Philosophische, religiöse und historische Motive zuhauf - und das alles in ein fantastisches Setting eingebettet. Auch mit diesen Attributen kann "Glücklich wie Lazzaro" charakterisiert werden.

Der reine Tor anno 2018

Alice Rohrwacher lässt in ihrem Film das Motiv des reinen Toren, der ja seit jeher durch die Literatur-und Kulturgeschichte geistert, neu erstehen. Und sie hebt Lazzaro, wie dieser Tor im Film heißt, aus der Tristesse des geschilderten Alltags wie aus der Zeit überhaupt heraus und macht, dass in ihm alle Hoffnung einer unvollkommenen Welt und einer aus den Fugen geratenen Vergangenheit, die aber zugleich Gegenwart ist, kulminiert. Dieser moderne Simplicissimus trägt die Perspektiven, und man muss sich diesen Film lang Zeit nehmen, zu entdecken, ob sich diese auch erfüllen. Das Gefühl ebendieser Zeit hält dunkle Ahnung bereit -zuviel ist im Europa anno 2018 geschehen, als dass die Unschuld ungeraubt bliebe.

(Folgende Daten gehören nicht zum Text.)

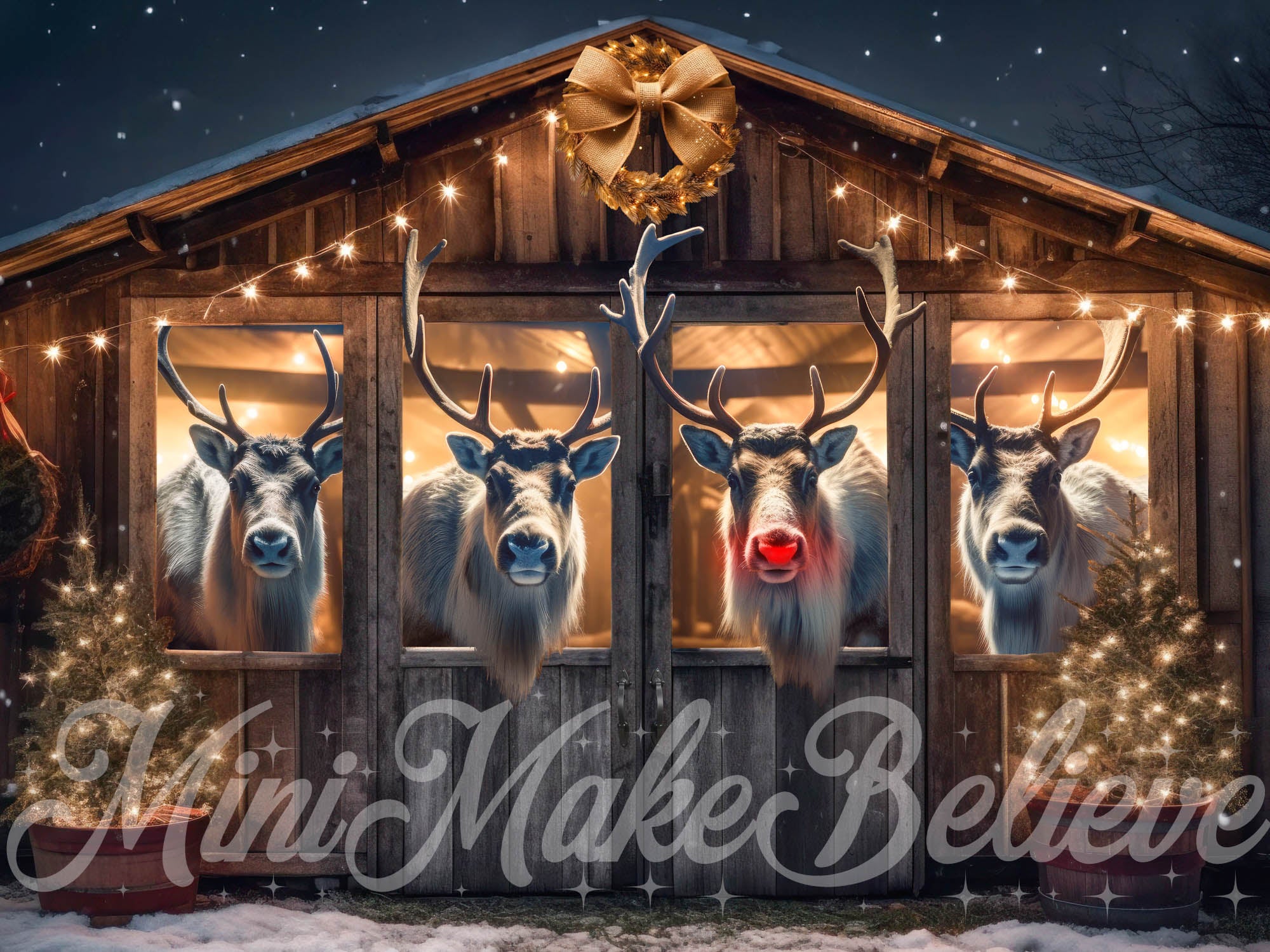 Kate Christmas Reindeer- Stall at Night Backdrop Designed by Mini MakeBelieve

Hinter den sieben Bergen -erzählt "Glücklich wie Lazzaro"(die biblische Konnotation des Namens ist unter Garantie ebenso gewollt wie die Anklänge an Pier Paolo Pasolinis "1. Evangelium - Matthäus") - also irgendwo im Süden Italiens findet sich das verarmte Landgut Inviolata. Obwohl die Ausstattung nahelegt - es gibt Handys etc. - dass sich das Ganze gegen Ende des 20. Jahrhunderts abspielt, herrscht die Marquesa de la Luna wie eine Feudalherrin vor Hunderten von Jahren. Sie hält sich ihre Landarbeiter als Leibeigene, die Kinder Analphabeten wie die Eltern, und drangsaliert sie mittels eines Verwalters, der den tumben Bauersleuten (angebliche) Schulden über Schulden anhäuft.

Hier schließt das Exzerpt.